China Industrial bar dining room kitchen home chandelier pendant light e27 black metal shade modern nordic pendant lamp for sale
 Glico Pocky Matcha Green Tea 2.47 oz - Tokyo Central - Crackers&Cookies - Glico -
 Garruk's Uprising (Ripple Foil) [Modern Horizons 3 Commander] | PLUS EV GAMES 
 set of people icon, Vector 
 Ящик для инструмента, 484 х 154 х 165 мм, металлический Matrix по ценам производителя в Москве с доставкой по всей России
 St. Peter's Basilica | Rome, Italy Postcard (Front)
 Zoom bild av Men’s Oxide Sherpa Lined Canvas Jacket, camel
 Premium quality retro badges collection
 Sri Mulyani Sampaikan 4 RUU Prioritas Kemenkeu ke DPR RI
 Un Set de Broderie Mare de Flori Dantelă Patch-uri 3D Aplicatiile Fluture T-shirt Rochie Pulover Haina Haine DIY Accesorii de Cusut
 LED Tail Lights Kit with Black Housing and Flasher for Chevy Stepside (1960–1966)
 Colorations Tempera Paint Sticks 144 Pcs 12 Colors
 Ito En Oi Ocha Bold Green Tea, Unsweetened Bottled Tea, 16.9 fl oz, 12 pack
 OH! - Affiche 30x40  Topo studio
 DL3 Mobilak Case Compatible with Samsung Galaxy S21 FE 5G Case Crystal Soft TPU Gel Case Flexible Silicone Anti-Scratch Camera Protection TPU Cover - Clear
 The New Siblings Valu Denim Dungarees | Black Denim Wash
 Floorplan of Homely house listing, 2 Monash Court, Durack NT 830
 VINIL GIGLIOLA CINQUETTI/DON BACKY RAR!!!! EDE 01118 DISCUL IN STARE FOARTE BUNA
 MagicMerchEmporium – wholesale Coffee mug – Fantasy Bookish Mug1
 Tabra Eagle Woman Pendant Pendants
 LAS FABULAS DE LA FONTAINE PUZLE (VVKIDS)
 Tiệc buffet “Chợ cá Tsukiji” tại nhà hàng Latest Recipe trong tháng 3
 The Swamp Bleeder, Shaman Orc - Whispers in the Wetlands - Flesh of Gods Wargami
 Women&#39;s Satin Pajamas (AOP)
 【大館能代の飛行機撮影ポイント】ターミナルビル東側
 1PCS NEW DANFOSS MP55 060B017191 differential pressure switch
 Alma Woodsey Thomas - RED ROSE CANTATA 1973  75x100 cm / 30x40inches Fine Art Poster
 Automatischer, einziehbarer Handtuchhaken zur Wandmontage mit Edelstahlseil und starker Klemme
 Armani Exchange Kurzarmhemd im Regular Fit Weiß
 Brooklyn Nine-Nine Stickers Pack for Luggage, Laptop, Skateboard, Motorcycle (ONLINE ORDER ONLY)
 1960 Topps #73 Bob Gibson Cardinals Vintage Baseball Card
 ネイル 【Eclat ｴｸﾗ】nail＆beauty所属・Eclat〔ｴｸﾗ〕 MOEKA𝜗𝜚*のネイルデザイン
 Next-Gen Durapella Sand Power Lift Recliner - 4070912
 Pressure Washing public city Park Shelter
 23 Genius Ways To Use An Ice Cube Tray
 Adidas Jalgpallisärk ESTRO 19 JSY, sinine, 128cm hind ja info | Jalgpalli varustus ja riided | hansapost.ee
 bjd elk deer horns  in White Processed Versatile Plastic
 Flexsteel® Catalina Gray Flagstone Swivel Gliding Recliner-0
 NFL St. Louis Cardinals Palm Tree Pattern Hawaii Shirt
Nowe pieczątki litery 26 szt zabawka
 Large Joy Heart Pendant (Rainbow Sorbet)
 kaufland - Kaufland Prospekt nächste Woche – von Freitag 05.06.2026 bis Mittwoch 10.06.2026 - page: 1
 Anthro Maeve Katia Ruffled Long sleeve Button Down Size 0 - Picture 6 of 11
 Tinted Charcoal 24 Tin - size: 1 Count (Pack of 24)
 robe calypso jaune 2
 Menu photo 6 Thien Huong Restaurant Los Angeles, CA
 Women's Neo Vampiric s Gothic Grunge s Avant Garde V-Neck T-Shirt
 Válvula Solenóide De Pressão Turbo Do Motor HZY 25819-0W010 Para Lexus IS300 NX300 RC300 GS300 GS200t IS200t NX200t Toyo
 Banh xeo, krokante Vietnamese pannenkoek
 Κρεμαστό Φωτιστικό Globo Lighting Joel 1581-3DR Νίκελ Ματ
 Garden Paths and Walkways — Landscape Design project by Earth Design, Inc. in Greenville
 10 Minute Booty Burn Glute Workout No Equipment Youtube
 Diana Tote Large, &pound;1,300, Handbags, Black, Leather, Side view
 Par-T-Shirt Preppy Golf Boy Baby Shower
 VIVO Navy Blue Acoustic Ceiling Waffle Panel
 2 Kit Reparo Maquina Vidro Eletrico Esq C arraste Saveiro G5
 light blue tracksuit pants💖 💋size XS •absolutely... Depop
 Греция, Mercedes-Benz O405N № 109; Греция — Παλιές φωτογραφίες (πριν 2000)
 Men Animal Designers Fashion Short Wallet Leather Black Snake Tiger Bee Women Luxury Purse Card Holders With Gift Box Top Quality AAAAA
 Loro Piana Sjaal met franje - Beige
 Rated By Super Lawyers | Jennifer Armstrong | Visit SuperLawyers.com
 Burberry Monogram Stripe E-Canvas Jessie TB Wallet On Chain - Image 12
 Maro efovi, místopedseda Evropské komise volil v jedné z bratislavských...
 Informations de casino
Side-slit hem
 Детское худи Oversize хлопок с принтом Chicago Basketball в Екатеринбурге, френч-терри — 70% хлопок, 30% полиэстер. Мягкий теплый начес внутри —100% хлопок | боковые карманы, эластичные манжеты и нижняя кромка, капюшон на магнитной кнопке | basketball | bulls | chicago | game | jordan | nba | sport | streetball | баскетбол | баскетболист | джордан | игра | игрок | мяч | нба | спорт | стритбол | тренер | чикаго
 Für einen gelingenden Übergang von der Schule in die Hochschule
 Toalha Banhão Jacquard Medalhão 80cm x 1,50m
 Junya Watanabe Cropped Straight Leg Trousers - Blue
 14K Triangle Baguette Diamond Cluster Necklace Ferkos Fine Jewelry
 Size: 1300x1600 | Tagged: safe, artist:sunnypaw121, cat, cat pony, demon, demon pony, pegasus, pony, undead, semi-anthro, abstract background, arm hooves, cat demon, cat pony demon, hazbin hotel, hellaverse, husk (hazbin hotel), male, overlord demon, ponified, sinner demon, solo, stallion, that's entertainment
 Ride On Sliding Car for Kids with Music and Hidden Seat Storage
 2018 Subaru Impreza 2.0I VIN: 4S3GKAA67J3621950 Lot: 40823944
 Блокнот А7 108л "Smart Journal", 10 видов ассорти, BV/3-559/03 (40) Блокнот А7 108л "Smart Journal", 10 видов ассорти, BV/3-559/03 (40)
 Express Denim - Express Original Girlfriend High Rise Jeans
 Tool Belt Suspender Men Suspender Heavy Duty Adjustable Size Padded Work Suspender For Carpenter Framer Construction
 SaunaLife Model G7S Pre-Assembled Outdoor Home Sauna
----
-- Problem statement --
Each line from the first line of the listing through the line containing "1PCS NEW DANFOSS" must be set down exactly; no other line belongs in the answer.

-- Task output --
China Industrial bar dining room kitchen home chandelier pendant light e27 black metal shade modern nordic pendant lamp for sale
 Glico Pocky Matcha Green Tea 2.47 oz - Tokyo Central - Crackers&Cookies - Glico -
 Garruk's Uprising (Ripple Foil) [Modern Horizons 3 Commander] | PLUS EV GAMES 
 set of people icon, Vector 
 Ящик для инструмента, 484 х 154 х 165 мм, металлический Matrix по ценам производителя в Москве с доставкой по всей России
 St. Peter's Basilica | Rome, Italy Postcard (Front)
 Zoom bild av Men’s Oxide Sherpa Lined Canvas Jacket, camel
 Premium quality retro badges collection
 Sri Mulyani Sampaikan 4 RUU Prioritas Kemenkeu ke DPR RI
 Un Set de Broderie Mare de Flori Dantelă Patch-uri 3D Aplicatiile Fluture T-shirt Rochie Pulover Haina Haine DIY Accesorii de Cusut
 LED Tail Lights Kit with Black Housing and Flasher for Chevy Stepside (1960–1966)
 Colorations Tempera Paint Sticks 144 Pcs 12 Colors
 Ito En Oi Ocha Bold Green Tea, Unsweetened Bottled Tea, 16.9 fl oz, 12 pack
 OH! - Affiche 30x40  Topo studio
 DL3 Mobilak Case Compatible with Samsung Galaxy S21 FE 5G Case Crystal Soft TPU Gel Case Flexible Silicone Anti-Scratch Camera Protection TPU Cover - Clear
 The New Siblings Valu Denim Dungarees | Black Denim Wash
 Floorplan of Homely house listing, 2 Monash Court, Durack NT 830
 VINIL GIGLIOLA CINQUETTI/DON BACKY RAR!!!! EDE 01118 DISCUL IN STARE FOARTE BUNA
 MagicMerchEmporium – wholesale Coffee mug – Fantasy Bookish Mug1
 Tabra Eagle Woman Pendant Pendants
 LAS FABULAS DE LA FONTAINE PUZLE (VVKIDS)
 Tiệc buffet “Chợ cá Tsukiji” tại nhà hàng Latest Recipe trong tháng 3
 The Swamp Bleeder, Shaman Orc - Whispers in the Wetlands - Flesh of Gods Wargami
 Women&#39;s Satin Pajamas (AOP)
 【大館能代の飛行機撮影ポイント】ターミナルビル東側
 1PCS NEW DANFOSS MP55 060B017191 differential pressure switch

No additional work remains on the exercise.